# Tucker And His Binky



## Ninde'Gold (Oct 21, 2006)

Hello Hello!

Here's a couple of pictures of Tucker and his kong, we call it his binky (its pink, but its the only color they had lol).

Tucker is 3 months old on Friday!  

Sorry they're blurry, my brothers camera doesn't work right for some reason. He told me to put it on a certain setting so I did and they turned out like crap...

Try to enjoy anyway


----------



## LaurJen (Aug 10, 2006)

He is quite adorable!! Thanks for sharing!!


----------



## Brandy's Mom (Oct 5, 2005)

He's got the prettiest eyes. I just love their shape.


----------



## ontariogolden (Oct 24, 2006)

Tucker looking adorable as always. They grow SO fast... he's grown a lot even since Halloween.


----------



## ontariogolden (Oct 24, 2006)

Oh, I just realized Halloween is about a month past already! Time really does fly I guess lol but he's still grown a lot


----------



## Princess Bella (Oct 17, 2006)

*wow*

Tucker is looking good!! I'm impressed...


----------



## Carsonsdaddy (Nov 1, 2006)

Cute pics! Carson will be 3 months (12 weeks) on Thanksgiving. They're just about the same age. How much does little Tucker weigh? To tell you the truth Tucker was one of the names we were considering for Carson.


----------



## Dilligas (Jun 17, 2005)

Gorgeous puppy! Makes me want one 

(By the way, when in doubt, just stick the camera on Auto; 95% of the time your pictures will be fine.)


----------



## jessme7 (May 29, 2006)

love the pics. I got pics of my pups too when they were babies with their pink kong also, for some reason I only had a choice of pink too.

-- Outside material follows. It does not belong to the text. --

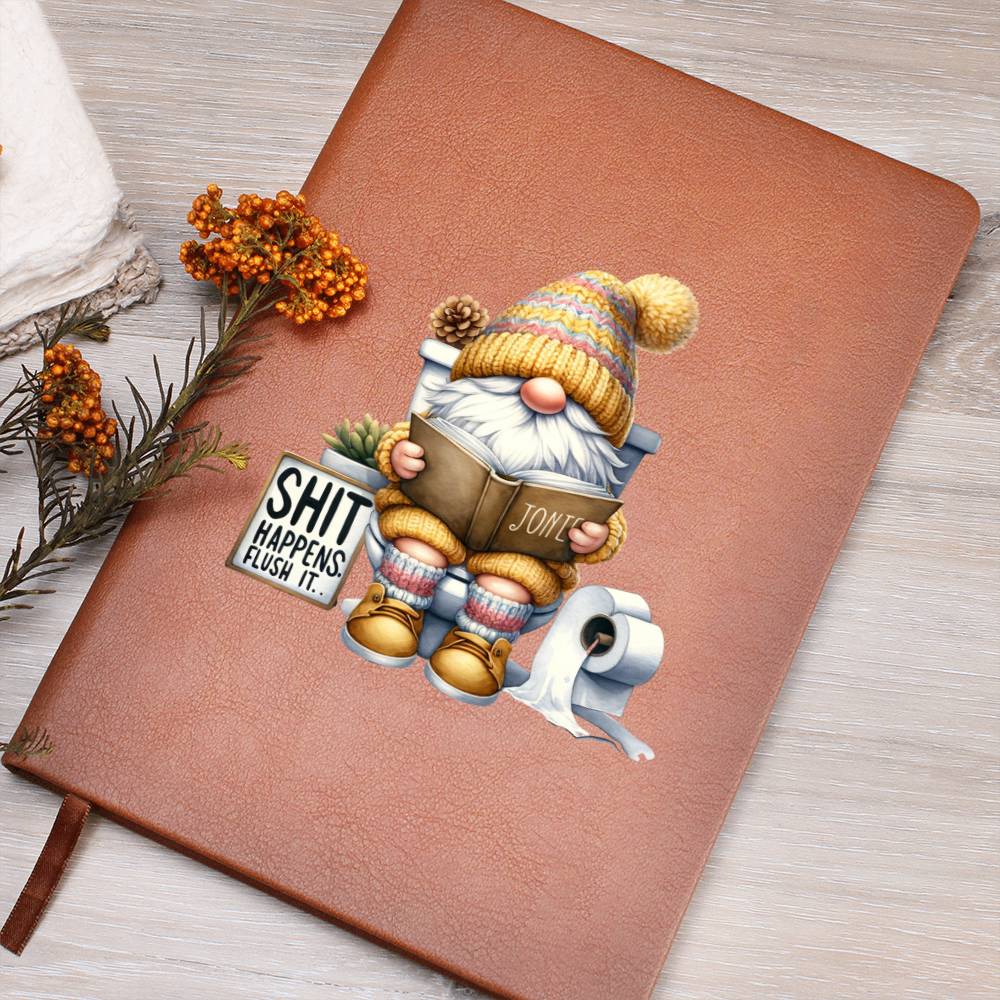 Gnome 1037 - Vegan Leather Journal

I entered the pics into a puppy kong photo contest but unfortunately did not win.


----------



## RickGibbs (Dec 16, 2005)

Cute pictures.... And I agree with Dilligas...make me want a puppy....


----------



## LaurJen (Aug 10, 2006)

jessme7 said:


> I entered the pics into a puppy kong photo contest but unfortunately did not win.



Well you should have! Adorable!


----------



## Ninde'Gold (Oct 21, 2006)

At 10 weeks (his last vet visit) he was 9lbs... he hasn't grown a whole lot since then (he's 12 weeks on Friday) so I'd say hes about 12-15lbs ???


----------



## Carsonsdaddy (Nov 1, 2006)

Wow that's quite a bit different. Carson was 24lbs today (thanksgiving) his 12 week visit. I guess he's just going to be a big boy huh?


----------



## Ninde'Gold (Oct 21, 2006)

No, Carson seems about normal  Tucker is just really small. 

At 10 weeks the vet set he should've been 20 lbs... not 9...

He goes to the vet next Friday, (13 weeks) I'll let ya know how much he weighs.

I can't believe he's 3 months old tomorrow... time goes by so fast.


----------



## LaurJen (Aug 10, 2006)

GoldenLover84 said:


> No, Carson seems about normal  Tucker is just really small.
> 
> At 10 weeks the vet set he should've been 20 lbs... not 9...
> 
> .


Augie weighed about 13 pounds at 10 weeks, not 20 . Here are his stats, if they help you any:





7 weeks, 5 days ....... 8.7 lbs 
9 weeks, 5 days ....... 12.5 lbs 
11 weeks, 0 days ...... 15.8 lbs 
12 weeks, 0 days ...... 18.0 lbs 
12 weeks, 5 days ...... 18.5 lbs 
13 weeks, 5 days ...... 23.0 lbs 
13 weeks, 6 days ...... 24.4 lbs 
14 weeks, 0 days ...... 25.2 lbs 
15 weeks, 0 days...... 27.4 lbs 
16 weeks, 0 days ...... 29.2 lbs 
16 weeks, 5 days ...... 29.8 lbs. 
17 weeks, 0 days ...... 32.6 lbs. 
18 weeks, 0 days ...... 34.6 lbs. 
19 weeks, 0 days ...... 36.4 lbs 
20 weeks, 0 days ...... 39.0 lbs. 
21 weeks, 0 days ...... 40.2 lbs 
22 weeks, 0 days ...... 41.0 lbs 
23 weeks, 0 days ...... 42.0 lbs.


----------